Once I finally started losing weight again it was great. I suddenly was getting all of those longed-for compliments and I felt on top of the world. I stared at myself in every mirror or reflective surface I could find. When I received a good comment or restricted/exercised, my body would shrink and I could see bones, less fat, and a smaller me. I would feel more confident. That all went away when I was either forced to eat or unable to exercise. Suddenly I would balloon outward and grow to an impossibly large size. Depression, anxiety, self-hate, and eating disorder thoughts skyrocketed.  The only thing that kept me going was working towards my next “you’re so skinny.”
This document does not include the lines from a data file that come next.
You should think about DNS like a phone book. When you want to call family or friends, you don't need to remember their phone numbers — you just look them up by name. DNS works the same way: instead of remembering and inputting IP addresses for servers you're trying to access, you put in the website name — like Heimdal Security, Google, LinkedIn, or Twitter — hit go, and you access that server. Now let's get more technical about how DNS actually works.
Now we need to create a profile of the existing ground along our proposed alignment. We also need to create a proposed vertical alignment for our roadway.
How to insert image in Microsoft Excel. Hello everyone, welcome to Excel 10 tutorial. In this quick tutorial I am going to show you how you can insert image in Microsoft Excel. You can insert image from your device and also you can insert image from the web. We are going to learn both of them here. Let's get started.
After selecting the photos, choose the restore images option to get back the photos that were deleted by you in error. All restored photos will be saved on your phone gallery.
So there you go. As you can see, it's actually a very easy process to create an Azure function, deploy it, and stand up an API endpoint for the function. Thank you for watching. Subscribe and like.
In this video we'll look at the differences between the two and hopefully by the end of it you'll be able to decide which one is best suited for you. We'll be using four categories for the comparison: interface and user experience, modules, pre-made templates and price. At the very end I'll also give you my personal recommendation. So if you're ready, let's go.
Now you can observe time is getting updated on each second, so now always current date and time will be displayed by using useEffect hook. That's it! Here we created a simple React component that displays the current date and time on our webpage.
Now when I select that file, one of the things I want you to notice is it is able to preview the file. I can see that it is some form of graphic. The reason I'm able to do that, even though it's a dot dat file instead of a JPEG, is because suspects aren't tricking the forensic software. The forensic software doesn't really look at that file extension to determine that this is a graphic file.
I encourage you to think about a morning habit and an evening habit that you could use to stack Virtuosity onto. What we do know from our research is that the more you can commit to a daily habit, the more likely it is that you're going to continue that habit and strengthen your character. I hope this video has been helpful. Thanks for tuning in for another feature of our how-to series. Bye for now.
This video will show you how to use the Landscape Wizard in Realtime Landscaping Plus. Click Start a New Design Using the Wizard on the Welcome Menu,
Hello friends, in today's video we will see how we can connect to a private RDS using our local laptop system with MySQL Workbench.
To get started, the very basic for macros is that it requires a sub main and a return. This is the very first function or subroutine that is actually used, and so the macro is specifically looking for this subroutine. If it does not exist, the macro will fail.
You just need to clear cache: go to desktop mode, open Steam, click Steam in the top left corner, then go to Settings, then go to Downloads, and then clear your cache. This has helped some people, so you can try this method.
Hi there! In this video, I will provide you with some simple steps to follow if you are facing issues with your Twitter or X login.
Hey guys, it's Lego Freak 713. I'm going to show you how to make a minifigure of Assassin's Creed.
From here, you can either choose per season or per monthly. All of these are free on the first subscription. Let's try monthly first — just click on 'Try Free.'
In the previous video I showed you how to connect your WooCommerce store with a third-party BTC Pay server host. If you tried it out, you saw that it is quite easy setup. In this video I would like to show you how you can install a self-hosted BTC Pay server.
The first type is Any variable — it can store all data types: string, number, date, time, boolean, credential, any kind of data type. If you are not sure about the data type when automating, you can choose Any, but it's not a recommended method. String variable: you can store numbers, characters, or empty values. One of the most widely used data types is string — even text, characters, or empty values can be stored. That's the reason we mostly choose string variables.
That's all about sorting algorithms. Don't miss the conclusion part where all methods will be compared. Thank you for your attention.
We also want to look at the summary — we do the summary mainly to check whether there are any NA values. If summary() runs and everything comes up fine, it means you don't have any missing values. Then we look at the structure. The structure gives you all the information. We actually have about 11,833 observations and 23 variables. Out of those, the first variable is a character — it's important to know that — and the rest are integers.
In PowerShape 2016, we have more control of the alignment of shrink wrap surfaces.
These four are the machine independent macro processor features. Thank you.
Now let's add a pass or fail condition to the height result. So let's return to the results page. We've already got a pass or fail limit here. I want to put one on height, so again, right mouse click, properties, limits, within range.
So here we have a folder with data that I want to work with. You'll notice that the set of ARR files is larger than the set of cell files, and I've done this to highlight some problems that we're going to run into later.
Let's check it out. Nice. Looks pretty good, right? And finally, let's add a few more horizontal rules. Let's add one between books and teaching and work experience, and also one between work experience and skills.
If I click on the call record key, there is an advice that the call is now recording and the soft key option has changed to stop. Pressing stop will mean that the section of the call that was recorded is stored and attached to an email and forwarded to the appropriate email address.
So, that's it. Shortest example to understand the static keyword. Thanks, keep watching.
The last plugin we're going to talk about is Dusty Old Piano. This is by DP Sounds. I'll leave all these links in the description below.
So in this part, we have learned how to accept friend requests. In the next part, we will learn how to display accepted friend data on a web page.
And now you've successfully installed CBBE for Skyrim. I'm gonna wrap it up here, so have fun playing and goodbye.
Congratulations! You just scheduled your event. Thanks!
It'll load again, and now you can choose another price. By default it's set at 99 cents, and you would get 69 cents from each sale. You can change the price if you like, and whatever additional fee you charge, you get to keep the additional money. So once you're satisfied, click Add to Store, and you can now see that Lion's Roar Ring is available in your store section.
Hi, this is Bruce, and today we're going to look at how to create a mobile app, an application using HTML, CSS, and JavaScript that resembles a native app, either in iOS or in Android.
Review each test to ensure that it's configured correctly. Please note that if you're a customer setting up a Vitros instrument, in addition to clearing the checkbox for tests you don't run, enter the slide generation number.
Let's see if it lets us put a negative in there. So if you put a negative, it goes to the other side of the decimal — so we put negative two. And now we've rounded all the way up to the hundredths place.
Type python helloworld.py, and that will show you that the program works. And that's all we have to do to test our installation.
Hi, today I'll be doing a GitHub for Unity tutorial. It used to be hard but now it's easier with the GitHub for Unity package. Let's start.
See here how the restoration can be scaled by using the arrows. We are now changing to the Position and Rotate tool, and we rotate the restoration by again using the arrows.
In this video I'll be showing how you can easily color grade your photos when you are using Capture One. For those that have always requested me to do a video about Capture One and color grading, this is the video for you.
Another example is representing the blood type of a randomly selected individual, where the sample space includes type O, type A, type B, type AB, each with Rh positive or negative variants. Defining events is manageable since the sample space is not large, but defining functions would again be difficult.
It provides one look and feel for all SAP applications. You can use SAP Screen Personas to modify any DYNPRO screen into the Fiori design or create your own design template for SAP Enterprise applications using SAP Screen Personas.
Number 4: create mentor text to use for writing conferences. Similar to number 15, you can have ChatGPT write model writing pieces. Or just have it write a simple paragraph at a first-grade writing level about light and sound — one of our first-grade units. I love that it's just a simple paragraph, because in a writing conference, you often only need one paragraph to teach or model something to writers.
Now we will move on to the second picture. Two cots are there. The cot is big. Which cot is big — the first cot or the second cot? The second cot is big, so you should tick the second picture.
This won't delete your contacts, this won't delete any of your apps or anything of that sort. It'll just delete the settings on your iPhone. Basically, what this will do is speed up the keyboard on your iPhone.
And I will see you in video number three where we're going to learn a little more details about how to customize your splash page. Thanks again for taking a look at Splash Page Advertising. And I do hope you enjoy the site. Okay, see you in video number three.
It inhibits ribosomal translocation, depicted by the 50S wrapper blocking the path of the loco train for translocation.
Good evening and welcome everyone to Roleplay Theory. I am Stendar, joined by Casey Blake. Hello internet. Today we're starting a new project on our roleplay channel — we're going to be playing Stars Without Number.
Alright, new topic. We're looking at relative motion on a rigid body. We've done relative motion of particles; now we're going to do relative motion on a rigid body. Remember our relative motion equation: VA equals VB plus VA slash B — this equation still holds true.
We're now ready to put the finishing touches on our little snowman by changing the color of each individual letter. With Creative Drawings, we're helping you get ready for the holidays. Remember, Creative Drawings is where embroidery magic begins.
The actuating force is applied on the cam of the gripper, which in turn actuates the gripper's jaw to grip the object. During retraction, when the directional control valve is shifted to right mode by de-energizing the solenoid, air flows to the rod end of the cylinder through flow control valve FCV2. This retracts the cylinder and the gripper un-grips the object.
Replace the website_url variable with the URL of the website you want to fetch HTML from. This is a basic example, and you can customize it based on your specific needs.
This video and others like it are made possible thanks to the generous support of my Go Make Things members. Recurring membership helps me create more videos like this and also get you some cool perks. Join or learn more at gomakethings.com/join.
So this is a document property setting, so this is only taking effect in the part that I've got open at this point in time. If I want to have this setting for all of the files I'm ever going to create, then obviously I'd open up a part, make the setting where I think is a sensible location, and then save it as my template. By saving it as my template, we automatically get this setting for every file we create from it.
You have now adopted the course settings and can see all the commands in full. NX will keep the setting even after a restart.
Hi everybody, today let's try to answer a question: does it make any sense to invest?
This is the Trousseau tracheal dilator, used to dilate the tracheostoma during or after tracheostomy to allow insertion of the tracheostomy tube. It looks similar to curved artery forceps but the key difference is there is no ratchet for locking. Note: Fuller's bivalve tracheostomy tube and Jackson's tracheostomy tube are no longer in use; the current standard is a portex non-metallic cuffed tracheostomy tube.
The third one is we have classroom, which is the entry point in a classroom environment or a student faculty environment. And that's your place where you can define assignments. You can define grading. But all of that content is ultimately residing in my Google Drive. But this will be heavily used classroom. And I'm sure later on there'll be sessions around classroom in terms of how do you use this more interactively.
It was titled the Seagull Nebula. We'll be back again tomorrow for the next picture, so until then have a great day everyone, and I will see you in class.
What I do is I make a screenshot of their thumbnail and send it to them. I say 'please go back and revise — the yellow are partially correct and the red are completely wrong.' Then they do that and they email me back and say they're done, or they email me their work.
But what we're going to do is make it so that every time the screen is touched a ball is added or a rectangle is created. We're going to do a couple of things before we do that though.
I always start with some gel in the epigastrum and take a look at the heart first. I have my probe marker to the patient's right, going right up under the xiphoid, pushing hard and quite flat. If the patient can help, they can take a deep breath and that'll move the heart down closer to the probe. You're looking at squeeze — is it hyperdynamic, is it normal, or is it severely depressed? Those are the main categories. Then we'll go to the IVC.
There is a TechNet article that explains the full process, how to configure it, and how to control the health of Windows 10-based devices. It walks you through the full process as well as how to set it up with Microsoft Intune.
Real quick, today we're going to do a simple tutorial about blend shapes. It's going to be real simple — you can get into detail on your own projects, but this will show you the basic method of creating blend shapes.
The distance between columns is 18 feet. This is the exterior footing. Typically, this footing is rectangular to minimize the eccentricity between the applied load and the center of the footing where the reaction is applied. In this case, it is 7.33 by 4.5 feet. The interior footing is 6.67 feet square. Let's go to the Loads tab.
Fast forward to today. I haven’t received a “skinny comment” since before entering inpatient treatment last August. Honestly, even if I did I know that what I see in the mirror doesn’t match up. Still, most of the time I cry standing in front of the mirror. I half expect that what I see will be thin. Hard doesn’t begin to describe it, but I am working to change the way I view my body and self.

I’ve realized, to at least some extent, that skinny isn’t an identity at all. I hid behind it for a majority of my life. I yearned and still yearn for it to be true. Despite that, I am working each day to lose all honor and pride I put into thinness. Skinny is conditional. It doesn’t make you a good or bad person, determine your worth, make you beautiful, or define you. There are many multitudes of other qualities that make each of us unique.

I may never get called “Skinny Minnie” or thin or any other of the various compliments I received before. I can’t be bothered by that. My identity cannot be based around something I don’t truly want to attain again.  I am not skinny, and skinny isn’t all I ever was. That chapter of my life spent waiting for each new comment on my thinness is over. I’m moving on to better things.